§ **Problem requirements**
Repeat exactly the lines of the material below that run from the "Asiatische Hornisse Vespa" line to the "Thời tiết dịp" line, including both, and do not carry over any pictures.

§ **Data extracts**
══════════════════════════════

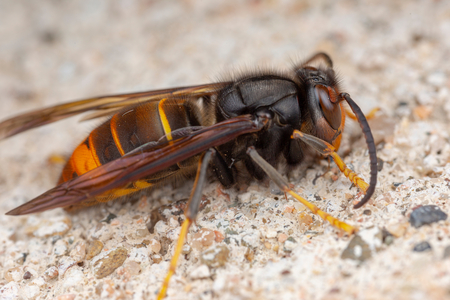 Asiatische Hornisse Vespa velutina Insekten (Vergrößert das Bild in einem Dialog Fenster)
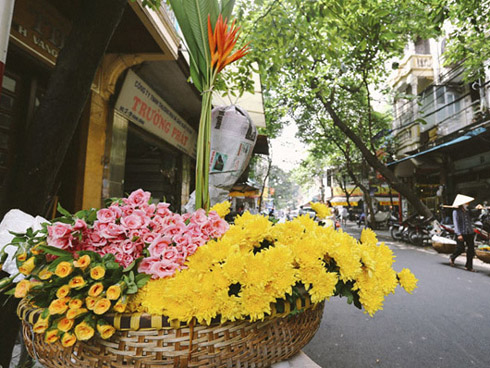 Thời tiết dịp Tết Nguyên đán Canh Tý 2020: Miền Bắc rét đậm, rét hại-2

══════════════════════════════

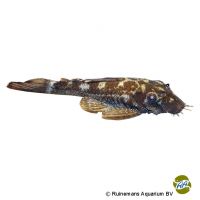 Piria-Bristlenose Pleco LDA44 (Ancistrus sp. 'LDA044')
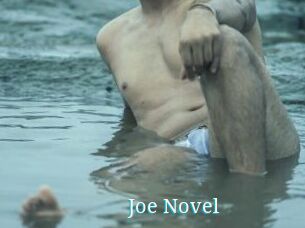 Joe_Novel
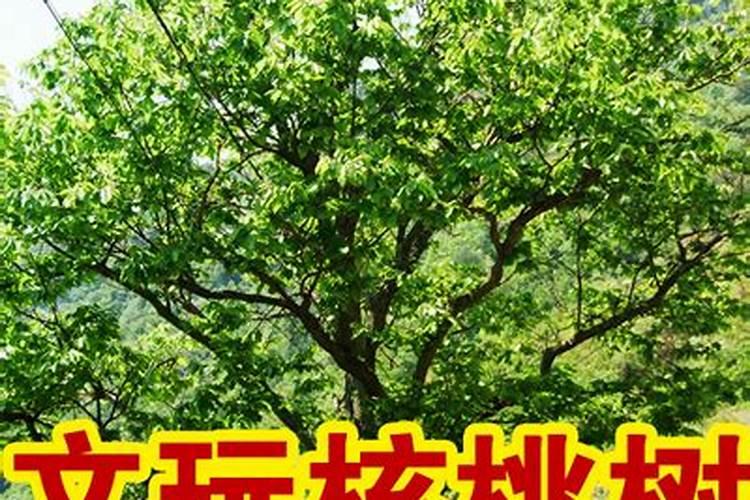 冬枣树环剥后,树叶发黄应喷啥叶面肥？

══════════════════════════════

§ **Answer to this problem**
 Asiatische Hornisse Vespa velutina Insekten (Vergrößert das Bild in einem Dialog Fenster)
 Thời tiết dịp Tết Nguyên đán Canh Tý 2020: Miền Bắc rét đậm, rét hại-2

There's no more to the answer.